DATA FOR THE TASK:
+===+

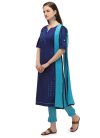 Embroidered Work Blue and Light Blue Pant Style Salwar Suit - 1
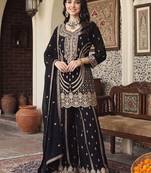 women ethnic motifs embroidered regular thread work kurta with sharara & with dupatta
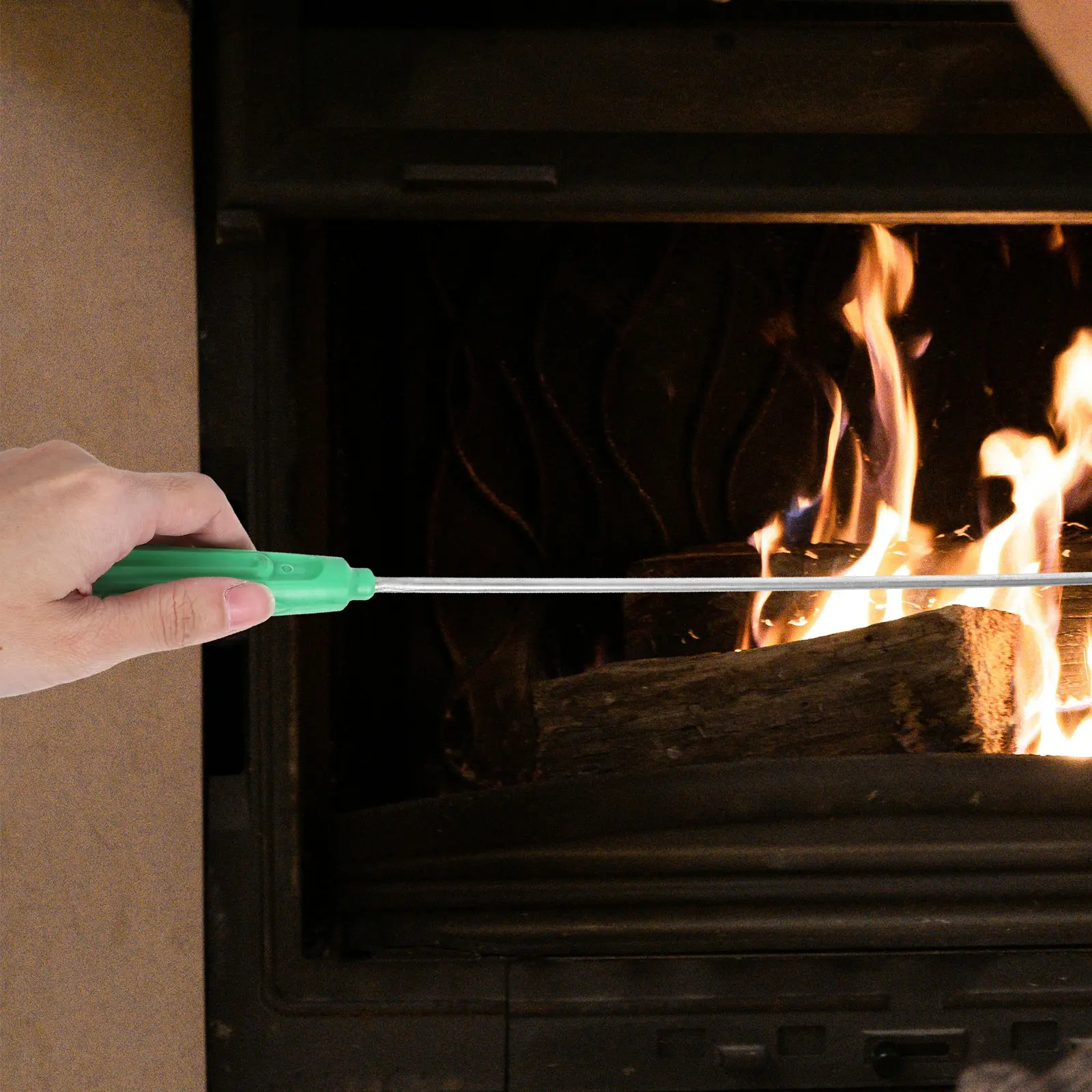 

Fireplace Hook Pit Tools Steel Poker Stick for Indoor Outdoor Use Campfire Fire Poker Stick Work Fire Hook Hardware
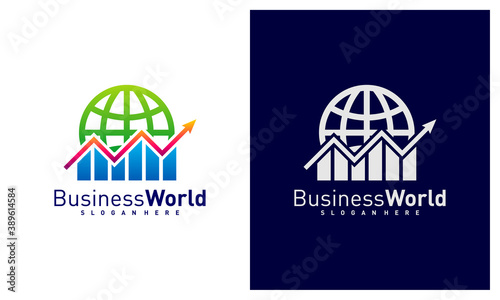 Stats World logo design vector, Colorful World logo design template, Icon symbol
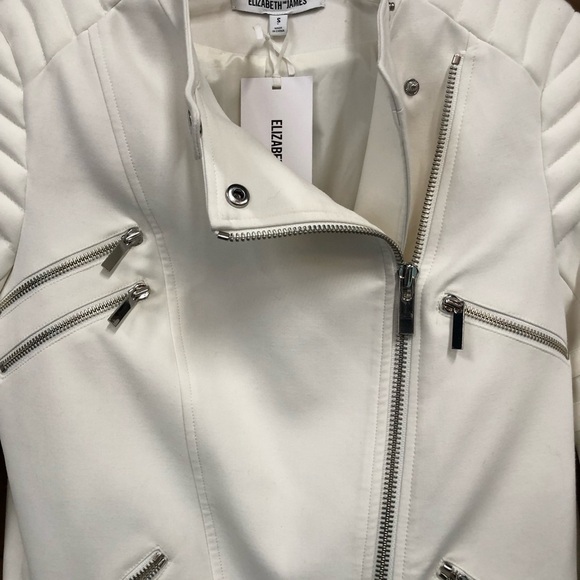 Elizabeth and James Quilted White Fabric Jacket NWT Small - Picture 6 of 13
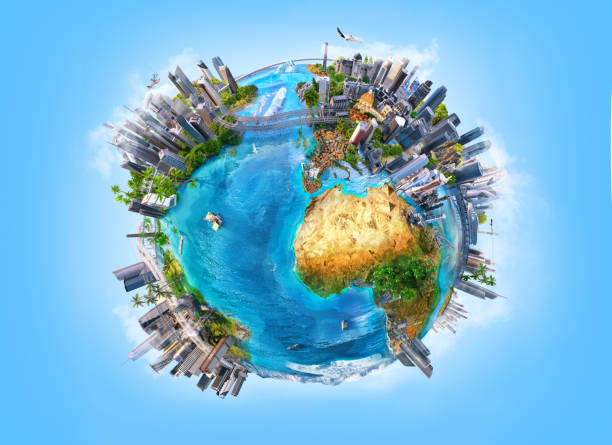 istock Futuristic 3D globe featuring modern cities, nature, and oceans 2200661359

+===+

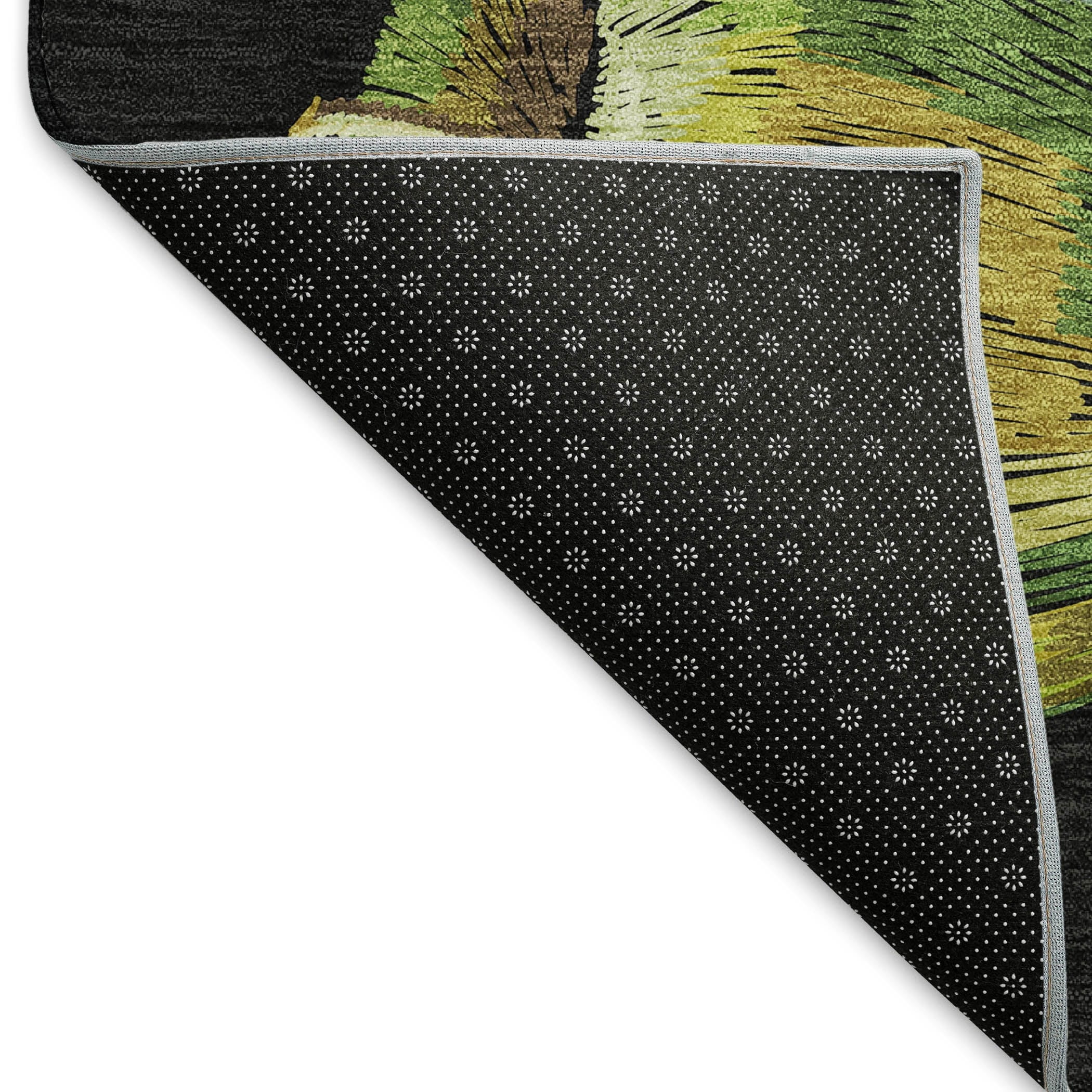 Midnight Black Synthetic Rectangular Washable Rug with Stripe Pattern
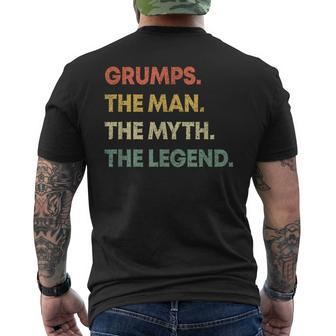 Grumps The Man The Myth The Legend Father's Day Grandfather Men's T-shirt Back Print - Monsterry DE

+===+

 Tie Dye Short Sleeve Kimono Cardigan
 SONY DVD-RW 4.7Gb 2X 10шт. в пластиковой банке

+===+

WHAT THIS TASK INVOLVES: Only one stretch of the listing is wanted: the lines starting at the one with "Embroidered Work Blue" and ending at the one with "istock Futuristic 3D", copied exactly and free of pictures.

EXPECTED ANSWER:
 Embroidered Work Blue and Light Blue Pant Style Salwar Suit - 1
 women ethnic motifs embroidered regular thread work kurta with sharara & with dupatta

Fireplace Hook Pit Tools Steel Poker Stick for Indoor Outdoor Use Campfire Fire Poker Stick Work Fire Hook Hardware
 Stats World logo design vector, Colorful World logo design template, Icon symbol
 Elizabeth and James Quilted White Fabric Jacket NWT Small - Picture 6 of 13
 istock Futuristic 3D globe featuring modern cities, nature, and oceans 2200661359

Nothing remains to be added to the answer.